= PDF Reprint, = BibTeX entry, = Online Abstract
V. Navalpakkam, L. Itti, Modeling the influence of target and distractor knowledge on visual search, In: Proc. Society for Neuroscience Annual Meeting (SFN'04), Oct 2004.
Abstract: Previous research on visual search suggests that knowledge of the target leads to a multiplicative increase in the activity of neurons that encode target features (i.e., gain factor > 1). We investigate how the added knowledge of the distractors influences the optimal choice of gain factors on target and non-target features, such that the target salience increases relative to the distractors. Assuming Poisson firing for neurons tuned to various visual features, we wish to decide the gain factor on each feature type that will maximize target detection and minimize distractor detection. If a distractor has the same amount of a feature as the target, the distributions of responses from neurons tuned to that feature fully overlap, and target and distractors will be detected equally.
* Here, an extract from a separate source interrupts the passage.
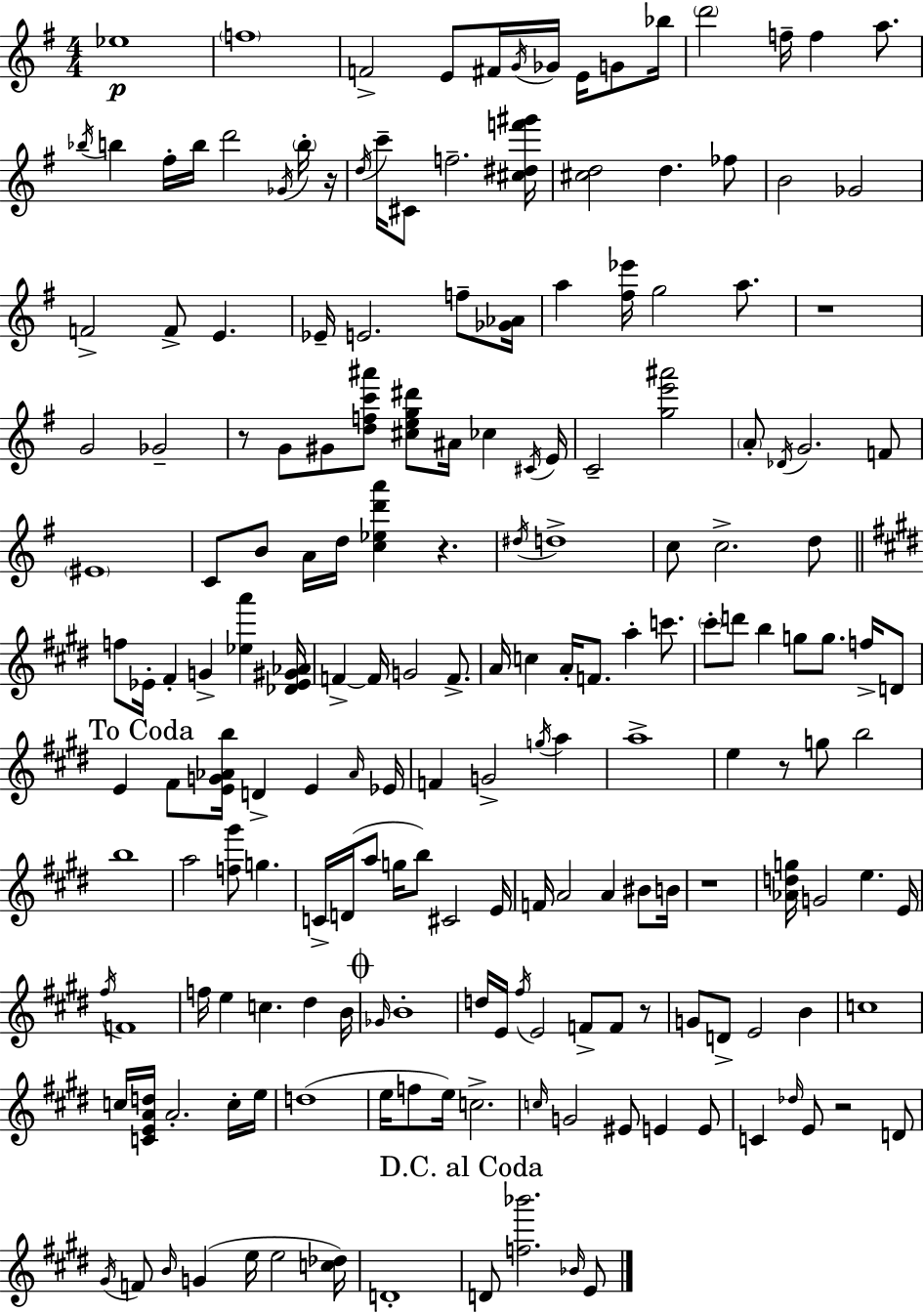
Eb5/w F5/w F4/h E4/e F#4/s G4/s Gb4/s E4/s G4/e Bb5/s D6/h F5/s F5/q A5/e. Bb5/s B5/q F#5/s B5/s D6/h Gb4/s B5/s R/s D5/s C6/s C#4/e F5/h. [C#5,D#5,F6,G#6]/s [C#5,D5]/h D5/q. FES5/e B4/h Gb4/h F4/h F4/e E4/q. Eb4/s E4/h. F5/e [Gb4,Ab4]/s A5/q [F#5,Eb6]/s G5/h A5/e. R/w G4/h Gb4/h R/e G4/e G#4/e [D5,F5,C6,A#6]/e [C#5,E5,G5,D#6]/e A#4/s CES5/q C#4/s E4/s C4/h [G5,E6,A#6]/h A4/e Db4/s G4/h. F4/e EIS4/w C4/e B4/e A4/s D5/s [C5,Eb5,D6,A6]/q R/q. D#5/s D5/w C5/e C5/h. D5/e F5/e Eb4/s F#4/q G4/q [Eb5,A6]/q [Db4,Eb4,G#4,Ab4]/s F4/q F4/s G4/h F4/e. A4/s C5/q A4/s F4/e. A5/q C6/e. C#6/e D6/e B5/q G5/e G5/e. F5/s D4/e E4/q F#4/e [E4,G4,Ab4,B5]/s D4/q E4/q Ab4/s Eb4/s F4/q G4/h G5/s A5/q A5/w E5/q R/e G5/e B5/h B5/w A5/h [F5,G#6]/e G5/q. C4/s D4/s A5/e G5/s B5/e C#4/h E4/s F4/s A4/h A4/q BIS4/e B4/s R/w [Ab4,D5,G5]/s G4/h E5/q. E4/s F#5/s F4/w F5/s E5/q C5/q. D#5/q B4/s Gb4/s B4/w D5/s E4/s F#5/s E4/h F4/e F4/e R/e G4/e D4/e E4/h B4/q C5/w C5/s [C4,E4,A4,D5]/s A4/h. C5/s E5/s D5/w E5/s F5/e E5/s C5/h. C5/s G4/h EIS4/e E4/q E4/e C4/q Db5/s E4/e R/h D4/e G#4/s F4/e B4/s G4/q E5/s E5/h [C5,Db5]/s D4/w D4/e [F5,Bb6]/h. Bb4/s E4/e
If a distractor has a greater amount of a feature than the target, then the distribution of distractor responses is shifted towards higher values, and a negative gain factor will optimize detection. Further, if the distractor has a new feature missing from the target, a negative gain factor on the new feature will optimize detection. To verify these hypotheses, we designed search arrays with one target and equal numbers of distractors of type SAME (same amount of feature as in target), MORE (greater amount of feature), and NEW (new feature missing from target). We ran 7 subjects for 600 trials each for 5 days and recorded their eye movements. Measurement of the number of fixations on each type of distractors revealed significantly more fixations on SAME distractors than MORE (p < 10^-10) and NEW (p < 10^-8). Our results suggest that subjects use a negative gain factor on all features present less in target than distractors. This prediction of negative gain at the behavioral level suggests the presence of neurons encoding the absence of features, whose activity is negatively correlated with those detecting the presence of features, leading to interesting predictions for search asymmetry.
Themes: Computational Modeling, Human Psychophysics, Model of Bottom-Up Saliency-Based Visual Attention, Scene Understanding
Copyright © 2000-2007 by the University of Southern California, iLab and Prof. Laurent Itti.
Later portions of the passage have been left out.